La Commission a entre ses mains des études qui confirment que les biodiesels ont un impact sur l’environnement plus nocif que celui des carburants fossiles classiques. Embarrassée, et alors qu’elle était attendue sur le sujet courant juillet, elle a choisi de temporiser jusqu’à la rentrée avant de publier son rapport conclusif. Celui-ci pourrait donner lieu à une proposition législative en matière d’encadrement des agro-carburants. Les associations de défense de l’environnement y voient déjà un manque d’ambition et craignent des conséquences néfastes pour la planète.
Critères de durabilité insuffisants
« Nous avons fixé les normes de durabilité les plus exigeantes du monde », se félicitait ce mardi le Commissaire européen aux énergies, Günther Oettinger, alors qu’il dévoilait la liste de sept regroupements agrémentés pour certifier des agro-carburants dits « durables » en Europe. Pourtant, les ONG ne se joignent pas au satisfecit. « La Commission aurait du fournir une méthodologie pour prendre en compte l’impact indirect des agro-carburants », regrette Jérôme Frignet, chargé de campagne forêts pour Greenpeace France. Les critères de durabilité adoptés seraient donc insuffisants.

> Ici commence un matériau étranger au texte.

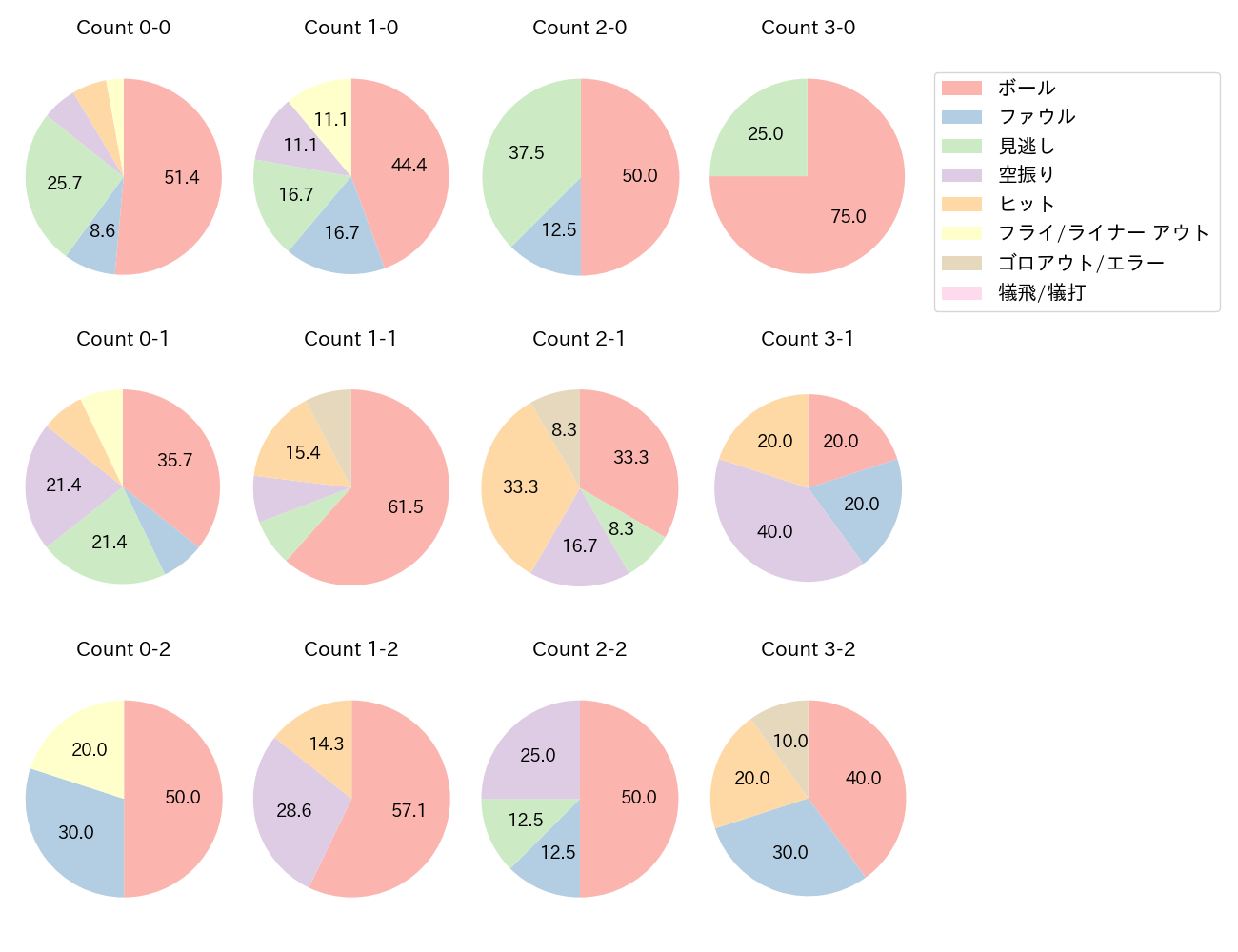 レイエスの球数分布(2025年ポストシーズン)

Définis en 2009, ils exigent que les cultures de soja, maïs, colza et autres tournesols, ne soient pas plantées sur des terres qui ont une forte capacité de stockage du carbone ou une grande valeur pour la biodiversité (forêts tropicales ou naturelles, tourbières (1), zones humides et protégées). De même, les producteurs doivent prouver que, de la mise en culture à la pompe, leurs agro-carburants émettent 35% de moins de gaz à effet de serre que les carburants fossiles type essence (en 2017, cet impératif grimpera à 50%).
Déforestation indirecte
Là où l’Europe ne dit rien, c’est à l’endroit des CASI, les changements d’affectation des sols indirects. Traduction : le changement d’affectation d’un sol consiste à cultiver des agro-carburants à la place d’une forêt. Comme on l’a vu plus haut, l’Europe ne le tolère pas pour les agro-carburants qu’elle importe ou produit, et ce faisant qu’elle subventionne. En revanche, elle reste muette sur les changements indirects : « Cela veut dire que l’on peut utiliser des sols qui ont des usages agricoles vivriers pour faire des agro-carburants et entraîner le déplacement des cultures alimentaires à l’endroit de forêts. C’est une déforestation indirecte », explique Nusa Urbanic, de l’ONG européenne Transport & Environnement.
Quelle est le poids des CASI ? Considérable, si l’on en croit l’étude diligentée par l’Institut international de recherche sur les politiques alimentaires (IFPRI) pour le compte de la Commission. « Les résultats n’ont pas été rendus publics par la Commission mais il y a eu des fuites, assure Jérôme Frignet. L’impact environnemental des biodiesels est supérieur à celui du gazole fossile ».
Des émissions doublées
En moyenne, la prise en compte des CASI doublerait le bilan carbone des biodiesels. De quoi sérieusement annihiler leur intérêt. Pour Jérôme Frignet, si l’on tirait toutes les leçons de cette nouvelle, la filière du biodiesel serait quasiment vouée à disparaître. Ne tireraient leur épingle du jeu que les bioéthanols (blé, maïs, betterave, canne à sucre) utilisés pour les véhicules à essence, et qui représentent à peine un tiers des agro-carburants. En revanche, adieu, tournesol, soja, colza, huile de palme. L’Europe prendra-t-elle ce risque, alors qu’elle s’est fixée d’atteindre 10% d’énergies renouvelables dans les transports d’ici à 2020 ? « C’est la grande inconnue », dit Jérôme Frignet qui sait que, face à la Commission, la filière industrielle, représentée en France à travers des groupes comme Sofiprotéol, saura résister de tout son poids.
Une demande croissante
Si la Commission fermait les yeux, les conséquences seraient considérables, alertent les ONG qui ont commandé une étude d’impact à l’Institut pour la politique européenne environnementale (IEEP). « Pour atteindre l’objectif de 10% d’agro-carburants en 2020, l’Europe aura un besoin en terres équivalent à la superficie de l’Irlande, dit Nusa Urbanic. En terme de gaz à effet de serre, ce serait l’équivalent de 19 à 24 millions de véhicules additionnels en circulation ».
Qui pâtira en premier de cette demande croissante ? « En France, 30% du biodiesel est importé », dit Jérôme Frignet. Du soja d’Amérique latine, de l’huile de palme d’Indonésie ou de Malaisie… Autant de pays qui risquent de voir leur forêt trinquer.
(1) Terrain formé de tourbe, produit combustible résultant de la décomposition lente de plantes herbacées dans les eaux stagnantes.